有个结构表示了ramoops的context:
struct ramoops_context {
struct persistent_ram_zone **przs;
struct persistent_ram_zone *cprz;
struct persistent_ram_zone *fprz;
struct persistent_ram_zone *mprz;
phys_addr_t phys_addr;
unsigned long size;
unsigned int memtype;
size_t record_size;
size_t console_size;
size_t ftrace_size;
size_t pmsg_size;
int dump_oops;
struct persistent_ram_ecc_info ecc_info;
unsigned int max_dump_cnt;
unsigned int dump_write_cnt;
/* _read_cnt need clear on ramoops_pstore_open */
unsigned int dump_read_cnt;
unsigned int console_read_cnt;
unsigned int ftrace_read_cnt;
unsigned int pmsg_read_cnt;
struct pstore_info pstore;
};
在ramoops_probe时也是把ramoops_platform_data的成员赋给了context对应的。
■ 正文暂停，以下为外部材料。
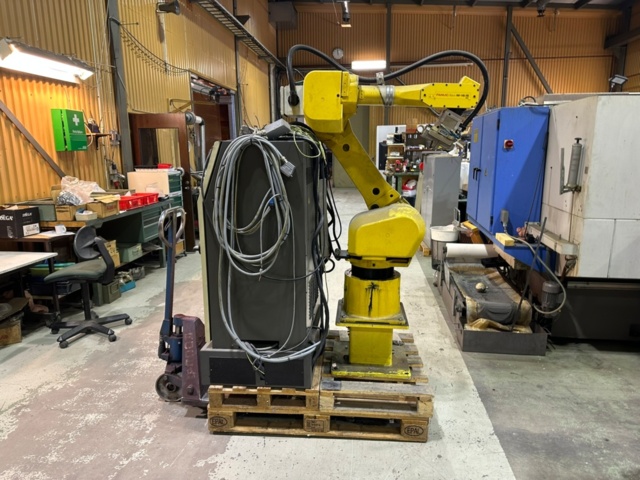 1256080-11 Robot Fanuc M-16iB/20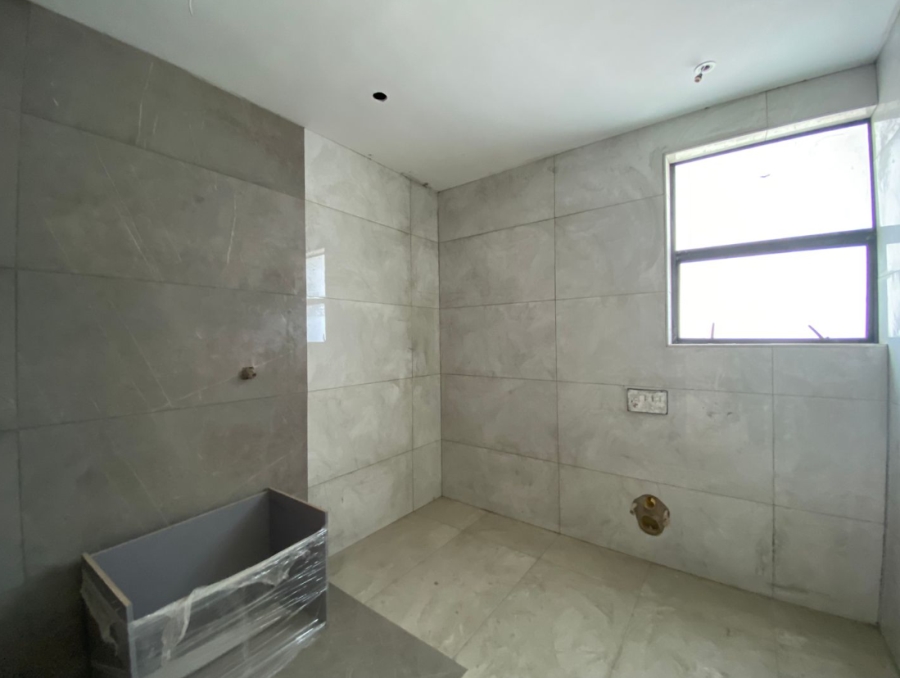 5 Bedroom Property for Sale in Waterfall Country Estate Gauteng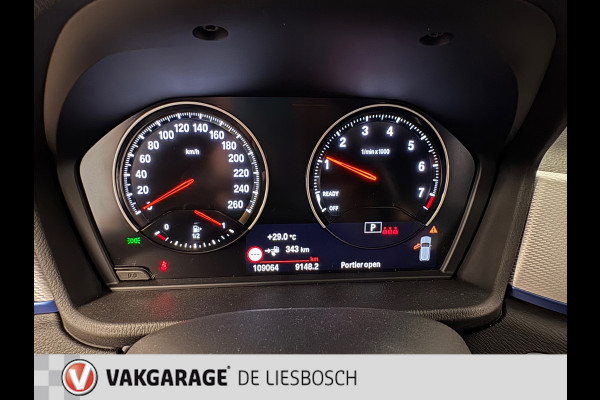 BMW X2 XDrive25e High Executive M-sport / camera / stoelverwarming / Head-up / panorama-dak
要了解具体含义,继续probe:
paddr = cxt->phys_addr; dump_mem_sz = cxt->size - cxt->console_size - cxt->ftrace_size - cxt->pmsg_size; err = ramoops_init_przs(dev, cxt, &paddr, dump_mem_sz); if (err) goto fail_out; err = ramoops_init_prz(dev, cxt, &cxt->cprz, &paddr, cxt->console_size, 0); if (err) goto fail_init_cprz; err = ramoops_init_prz(dev, cxt, &cxt->fprz, &paddr, cxt->ftrace_size, LINUX_VERSION_CODE); if (err) goto fail_init_fprz; err = ramoops_init_prz(dev, cxt, &cxt->mprz, &paddr, cxt->pmsg_size, 0); if (err) goto fail_init_mprz; cxt->pstore.data = cxt;
可见,是逐个init每个persistant ram zone,size一共有4段:
dump_mem_sz + cxt->console_size + cxt->ftrace_size + cxt->pmsg_size = cxt->size
mem_size就是总大小了,mem_address是ramoops的物理地址,record_size再看下oops/panic ram:
static int ramoops_init_przs(struct device *dev, struct ramoops_context *cxt,
phys_addr_t *paddr, size_t dump_mem_sz)
{
int err = -ENOMEM;
int i;
if (!cxt->record_size)
return 0;
if (*paddr + dump_mem_sz - cxt->phys_addr > cxt->size) {
dev_err(dev, "no room for dumps
");
return -ENOMEM;
}
cxt->max_dump_cnt = dump_mem_sz / cxt->record_size;
if (!cxt->max_dump_cnt)
return -ENOMEM;
ok dump_mem_size大小的区域分成max_dump_cnt个,每个记录大小是record_size。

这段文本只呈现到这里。